June 2025, 7 minutes
Lonesome Doves
Loneliness is, in essence, a subjective thing. As it is commonly understood, we can all feel lonely in a crowd, and, sometimes, when sitting on our sofa, surrounded by nobody, in an empty house, on a quiet street, in a small town, our hearts can overflow with the touch of others. The latter falls more under the umbrella definition of solitude – a typically self-imposed isolation that can often nurture and grow creativity, build a sense of peace, or regenerate the important bits. In other, better words: loneliness is unwanted, solitude sought.

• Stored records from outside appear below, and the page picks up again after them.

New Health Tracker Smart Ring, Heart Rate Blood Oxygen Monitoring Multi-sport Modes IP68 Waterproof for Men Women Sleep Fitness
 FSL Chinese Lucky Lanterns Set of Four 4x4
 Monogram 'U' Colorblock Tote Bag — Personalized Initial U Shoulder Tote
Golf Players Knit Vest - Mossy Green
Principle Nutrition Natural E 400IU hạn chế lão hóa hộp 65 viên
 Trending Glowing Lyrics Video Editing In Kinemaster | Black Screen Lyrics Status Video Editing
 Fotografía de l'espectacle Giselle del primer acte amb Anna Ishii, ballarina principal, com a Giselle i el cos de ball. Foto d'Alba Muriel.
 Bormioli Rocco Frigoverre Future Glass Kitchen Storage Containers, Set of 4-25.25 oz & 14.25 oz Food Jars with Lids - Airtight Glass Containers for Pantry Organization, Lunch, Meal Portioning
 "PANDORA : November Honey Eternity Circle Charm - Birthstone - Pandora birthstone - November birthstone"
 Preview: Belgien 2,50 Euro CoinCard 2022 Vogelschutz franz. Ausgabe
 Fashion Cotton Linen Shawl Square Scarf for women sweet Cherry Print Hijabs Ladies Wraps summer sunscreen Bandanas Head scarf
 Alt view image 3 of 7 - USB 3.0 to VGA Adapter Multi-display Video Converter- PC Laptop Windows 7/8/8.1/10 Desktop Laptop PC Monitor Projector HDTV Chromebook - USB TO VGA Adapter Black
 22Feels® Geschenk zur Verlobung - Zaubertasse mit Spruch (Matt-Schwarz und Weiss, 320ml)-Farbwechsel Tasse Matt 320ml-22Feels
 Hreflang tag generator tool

The phrase “epidemic of loneliness” has caught on in recent years, particularly in the post-Covid conversational landscape, but really had its take-off in 2010 with the release of the seminal meta-study on the topic conducted by Holt‑Lunstad, Smith, and Layton. This study found that loneliness and unwanted social isolation was not just bad for one’s mental health, but also had drastic consequences for physical health, too. Taking a given period of time, it was found by the researchers that strong social connections lead to a 50% increased survival rate. This put the health effects of loneliness on par with smoking, and ahead of obesity, physical inactivity and air pollution. The researchers studied three key variables when coming to their conclusions: loneliness, social isolation (the objective state of being alone), and living alone. All three states were found to drastically increase negative health outcomes and mortality. Interestingly, demographics played little role in the outcomes as the same results were found across gender and age, as well as pre-existing health status. The study served as a concrete foundation for understanding something which would hitherto typically be taken for granted, or considered too vague or undefinable to have true measurability or applicability.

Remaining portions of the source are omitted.